Every sales rep knows what it’s like to have a bad day or two, but what happens when that bad day becomes a bad month, and then a bad quarter? Michael Katz knows — he lived through it three years ago.
He was working at the real-estate software firm Boston Logic Technology Partners. He’d never had trouble reaching his quota before, but something was off heading into the second quarter of his second year with the company. It may have been a canceled deal that knocked him off his game, or perhaps he had just gotten too comfortable.
“All of a sudden it was like, ‘Oh shit, it’s the end of the quarter,’ and there was no business.”
What followed were the worst three months of Katz’s career. Deals he’d normally close slipped through his fingers, outreach became an exercise in futility and each day was a struggle. Before he knew it, the quarter was over, and he’d reached just 20 percent of his quota.

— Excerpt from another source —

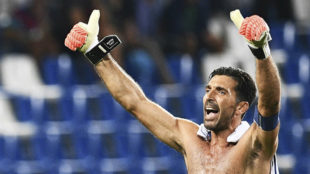 Gianluigi Buffon (39), celebrando la victoria ante Israel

“I don’t remember the specifics of what was happening because it all moved very fast. It was a fast three months with really long days,” said Katz, who now works for Recapped. “All of a sudden it was like, ‘Oh shit, it’s the end of the quarter,’ and there was no business.”
It nearly cost him his job, and for most reps, that’s how the story ends. Instead, Katz’s manager, Erik Poje, stepped in.
When a quarter like that happens, it’s rarely just the salesperson’s fault, said Poje, who was director of sales at the time. He shouldered much of the blame for not stepping in sooner to assist Katz and for failing to put the right processes in place to help him succeed.
So, rather than place Katz on a performance improvement plan or under more pressure, he took the time to work with him. Together, they charted a turnaround that taught them more than any quota-crushing quarter could.
How to Recover After Missing Quota
- Don’t put all the pressure on closing one large deal. Have a backup plan in case a sale doesn’t work out.
- Take a step back and reassess your sales tactics with a manager. Breaking up the routine will help you see your bad habits more clearly.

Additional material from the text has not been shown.